Later in the afternoon of that day the Commissar informed me that I was free to go on to Smolensk and that if I passed muster there I could go anywhere I desired in Russia. I was given another guard, a big fellow who had spent ten years in England and returned to Russia when the Czar was overthrown. He so much resembled the Irish labor leader, Jim Larkin, that I called him “Larkin” throughout the course of our journey together.

He had an exclamation which he used frequently when I was too pertinacious to suit him.

“God love a duck, what do you want now?” he would roar with a despairing gesture, and the tone of his voice also was despairing. It may be that he was justified in his complaint, for there was much that I wanted to know and to see.

On the last day of our journey towards Moscow he turned to me and said, “I haven’t prayed for ten years or more,—not since I was down and out in Glasgow, Scotland, and wandered into a Salvation Army headquarters. Then I did go down on my knees and pray for help, but I decided since that praying wasn’t my job. But God love a duck, when I get you safely into Moscow I’m going down on my knees again and thank God that this job is over and ask Him to save me from any more Americans of your kind.”

But there was, after all, some excuse for my troubling him so often and so much. “Larkin” slept on every possible—and impossible—occasion, and the sound of his snores, with which I can think of nothing worthy of comparison, kept me awake, so that in self-defence I used to rouse him every time we reached a station to ask questions about where we were and why we had stopped there and what the people were doing and why they were doing it. When I had him sufficiently awake to begin to smoke I could snatch a bit of sleep for myself, for he invariably sat up until he had smoked eight or ten cigarettes, after which his snoring began again and my rest ended.

“Larkin’s” real name was August Grafman, which sounded Teutonic. He was a Russian Jew, however, and a good fellow. I hope to see him again sometime, and I commend him to any other Americans who want to see for themselves what is going on in Russia at the present time. He spoke English readily and perfectly, and from him I obtained much information I might otherwise have missed. There was the time when we waited for a train at a small station in the course of our journey towards Smolensk. All at once a commotion arose on the other side of the station. Hurrying around, we saw a man running, pursued by three or four Red soldiers. Two officers coming toward the station drew their sabres and held them before the man, who stopped and his pursuers captured him. They brought him back to the station and I observed that he was a Jew. I wondered if his crime was that of his race, remembering stories of pogroms. The Jew was brought into the station and seated on a bench. Immediately the soldiers surrounded him, and one of them stood up in front of him and made a long speech. At its conclusion he sat down, and another rose and made an address. Finally a third vociferously questioned the man. At last the Jew arose, the soldiers made way for him, and he left the station. “Larkin” who had been too much interested in the proceedings to talk to me, now satisfied my curiosity.

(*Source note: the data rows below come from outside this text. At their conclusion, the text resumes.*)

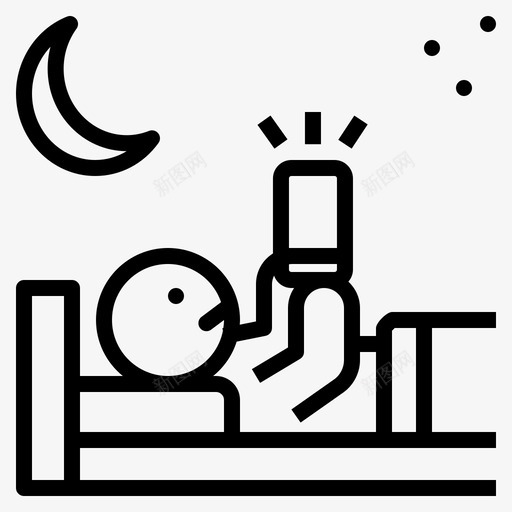 智能手机聊天失眠图标svg_新图网 https://ixintu.com 不眠之夜 失眠 手机 智能 科技 聊天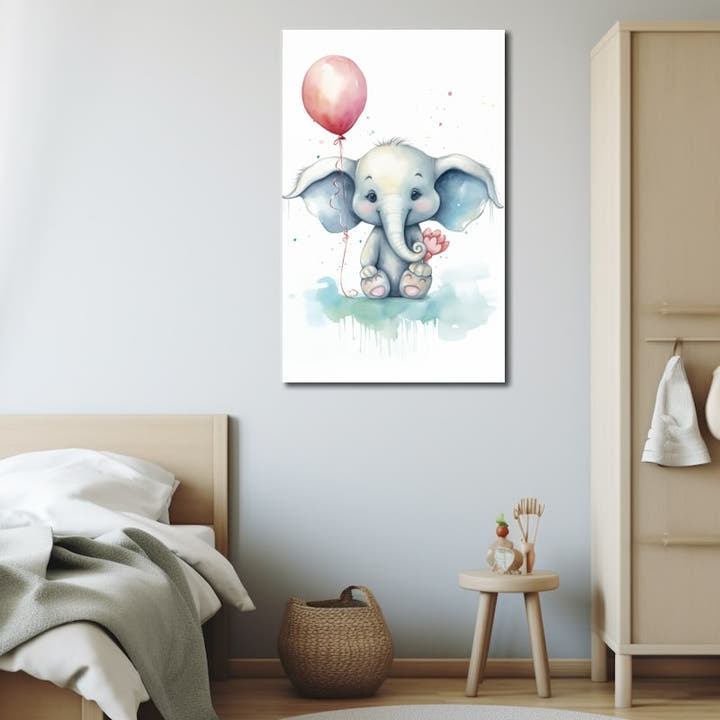 Watercolour baby elephant holding a pink balloon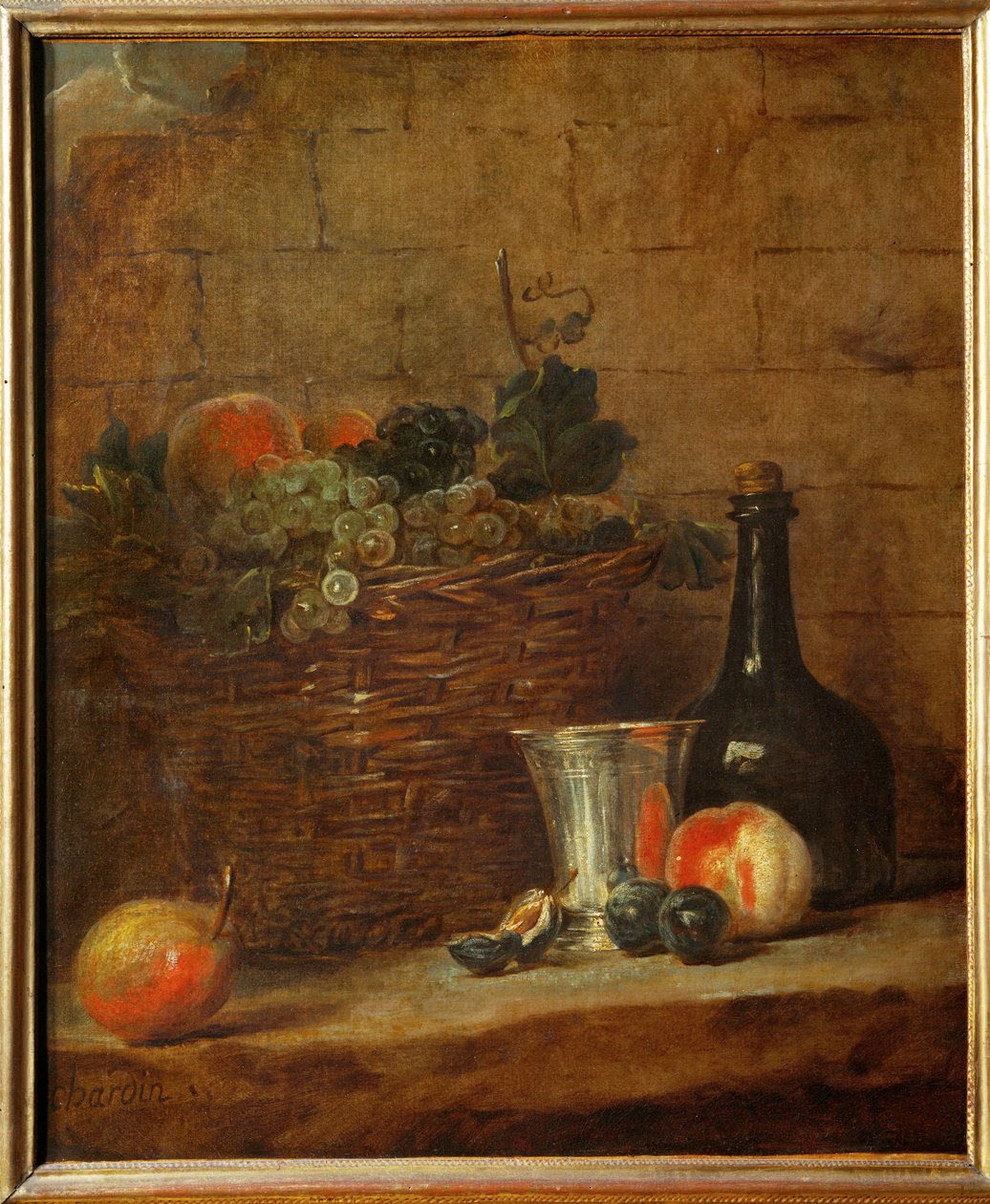 Kosz owoców z winogronami, srebrny puchar i butelka, brzoskwinie ... autorstwa Jean Baptiste Simeon Chardin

The Jew had been caught in the act of picking the pockets of a soldier. Furthermore it was his third offence. The first man who spoke had tried to impress the Jew with the enormity of the crime of robbing a man who was on his way to defend his country. He had said, “Don’t you realize that a man going out to fight carries nothing with him except what he actually needs, whether it be money or anything else, and that it is worse to rob a soldier on this account than an ordinary civilian, with a home, and all his treasures about him?” The second man had talked of the defence of the country; the soldiers were going to fight so that when the fighting ended there would be enough for every one and no need for stealing. The third had tried to obtain a promise that the man would not again steal from soldiers. He had been successful, and, “now the Jew is free,” said Larkin.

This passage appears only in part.